SOURCE MATERIAL:
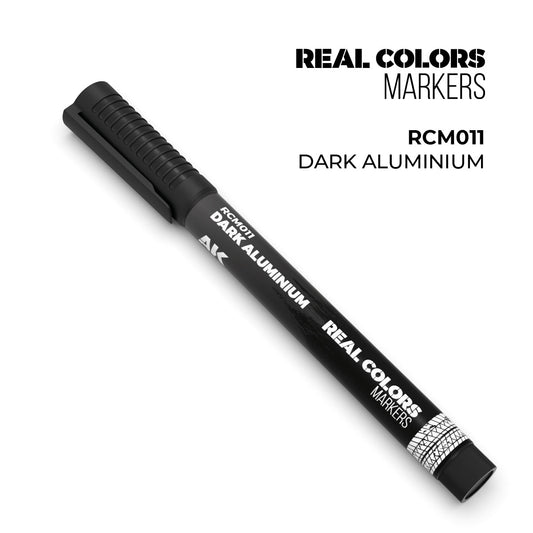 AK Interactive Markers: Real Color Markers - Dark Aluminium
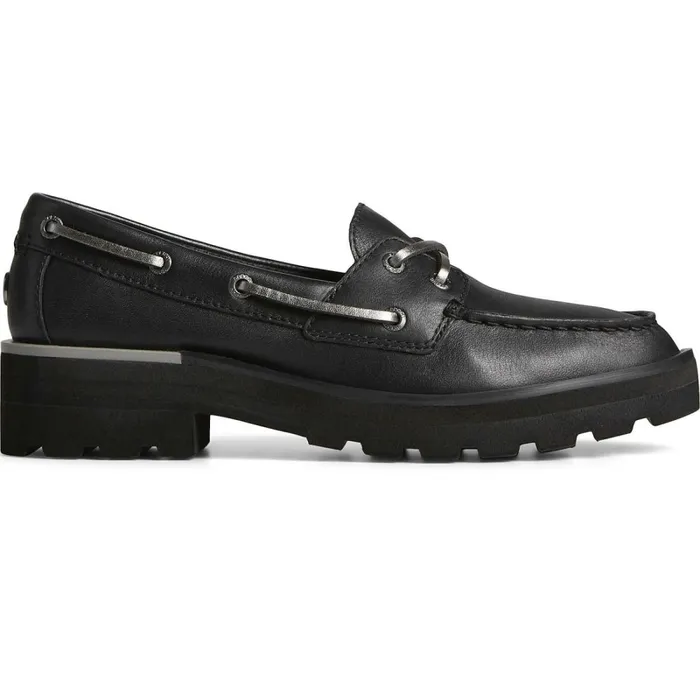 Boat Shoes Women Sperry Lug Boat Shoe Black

* * *

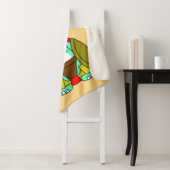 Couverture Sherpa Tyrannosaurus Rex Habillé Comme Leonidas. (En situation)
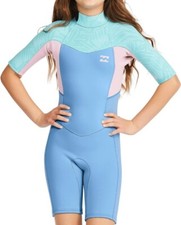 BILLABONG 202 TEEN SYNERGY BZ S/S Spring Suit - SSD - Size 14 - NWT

EXERCISE DIRECTIONS:
Range to print from the listing above: from the line with "Couverture Sherpa Tyrannosaurus" up to and including the line with "BILLABONG 202 TEEN". Please print those lines exactly, with no pictures and nothing more.

WRITTEN ANSWER:
 Couverture Sherpa Tyrannosaurus Rex Habillé Comme Leonidas. (En situation)
 BILLABONG 202 TEEN SYNERGY BZ S/S Spring Suit - SSD - Size 14 - NWT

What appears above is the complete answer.